To fulfill your tax liabilities, you are ought to provide your PAN number there. Moreover, it is needed to open your bank account and investing in mutual funds.

  1. A broker

A broker can be an agent, or an agency or a company, which holds the authorization from the SEBI (Stock Exchange Board of India). You can hire anyone among them, depending on your choice.

The broker will help you in buying and selling of shares and earn the profit on them. He will also take responsibility to fulfill all the pre-requisites which are required to enter in the share market.

  1. A Demat and trading account-

You have to open two kinds of accounts and they will be linked to your saving account in the bank.

One account is the Demat account and other is the trading account.

The Demat account will gather all your bought shares and the trading account will handle your trade exchanges that is buying and selling of shares.

The amount credited or debited will take place through your personal savings account.

  1. UIN

If you want to invest a big amount, i.e. if you invest more than or equal to Rs 1 lakh at a single time to buy the shares, then you will be needed a UIN. UIN stands for Unique Identification Number).

  1. Buying and selling-

If you want to buy shares or sell them off, you should inform your broker regarding this. The broker will do all the things for you on behalf of you.

You can place orders via telephone also. You can call customer cares and just order them to do the activity.

You can take help from the internet also. For this, you should have known about the share market and the internet mediums.

The buying and selling of shares take place through the stock exchanges. Two biggest stock exchanges of India are the NSE and the BSE.

Tips for Share Trading in India

To beat every competition, there are some dos and don’ts. Similar to the share market. You should follow the Do’s and don’ts of investing. What are those, let’s check them out-

Do’s-

  1. Your chosen broker should contain a relevant authorization from the SEBI.
  2. You should fill correct details about you in the application form of the shares.
  3. Do a proper analysis of the reports generated by your broker and also match the details on the NSE or the BSE websites.
  4. Before placing any order, always check the company’s financial status, the company’s objectives and future potentials, the risk appetite, and creativity to fulfill its obligations. You should see that whether the company has the potential to grow your capital in the future.
  5. Carefully read the Risk Disclosure Document.
  6. You should be very careful of the stocks which suddenly highs or lowers its price value by a large margin, and especially that of low price stocks.
  7. Be aware that it is not mandatory that the shares bought will provide you returns always. Sometimes, you may have to face loss also.
  8. Send your important documents by a reliable and authorized mode to ensure its successful delivery.
  9. Keep track of your holding, how many shares you have in your account and how much you have already sold out.
  10. Mention clear whether you want to transact physically or via the Demat account.
  11. If you want to file a complaint against any company which is listed under the BSE, you can do by registering to the concerned Regional Investor Service Center by conforming geographical jurisdiction. To decide the geographical jurisdiction, you have to use your address.

Don’ts-

  1. Do not deal with fraud or unregistered brokers.
  2. Don’t sign any documents without reading them properly.
  3. Don’t get mislead by any fraud phone calls or companies, showing approval from government agencies.
  4. Don’t blindly follow the decisions of the other people for what they make for themselves.
  5. Don’t get mislead by guarantees of repayment of your investment through postdated cheque.
  6. Don’t deal on the basis of rumors.
  7. Don’t take a decision in chaos and haphazardly.

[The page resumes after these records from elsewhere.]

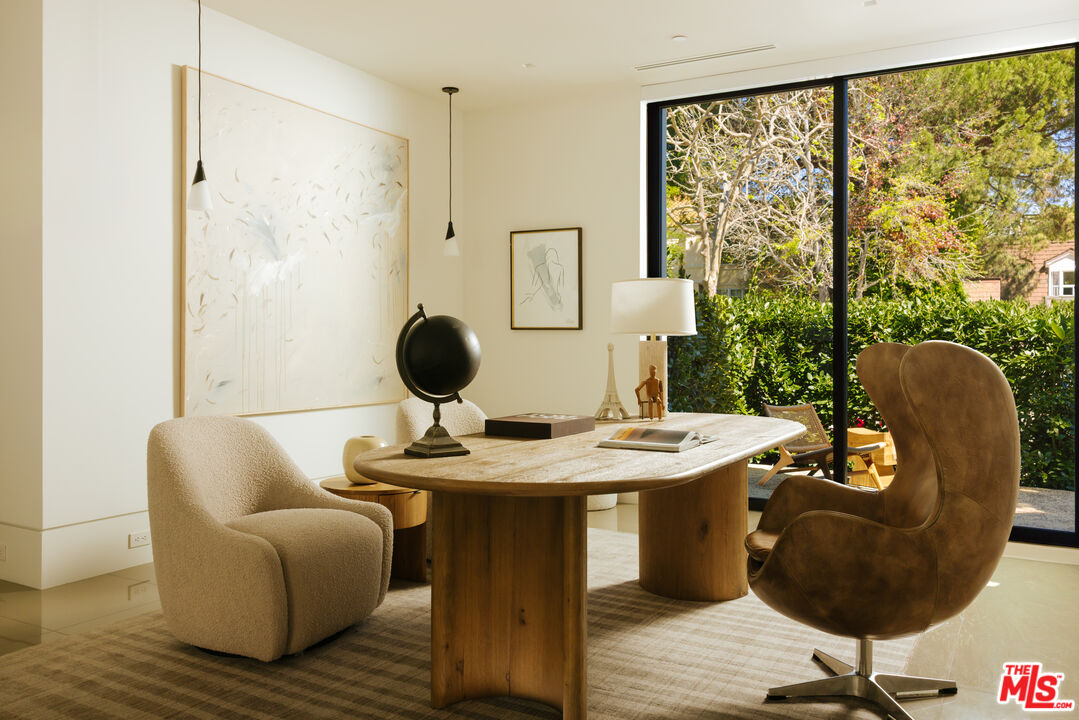 219 Homewood Road Los Angeles, CA 90049 - Photo 8 of 40 a dining room with furniture and wooden floor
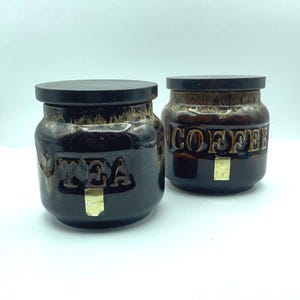 May include: Two ceramic tea and coffee canisters. They are dark brown with black lids and gold accents. One canister has the word "TEA" embossed, the other "COFFEE".
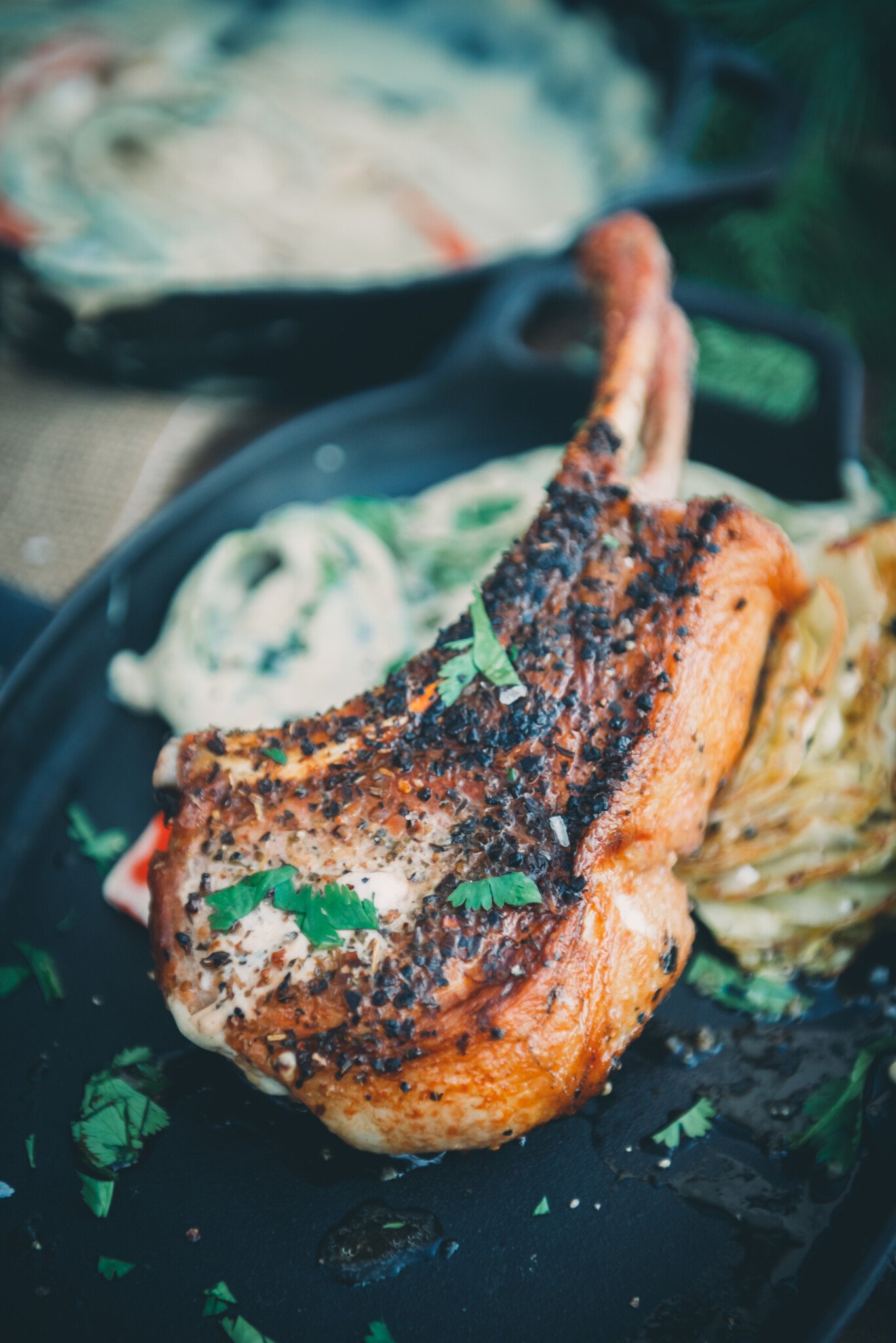 Close up of a pan seared pork chop with a golden brown curst plated and garnished with chopped parsley.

It is aptly stated that investors must keep in their mind there is a difference between a good company and a good stock.

Final words

Share market is a sensitive platform for earning money. You should be backed with proper conceptual knowledge and expertise support. The article must have provided you a basic knowledge regarding what is share market basically and all.

Always remember that “An investment in knowledge pays the best interest!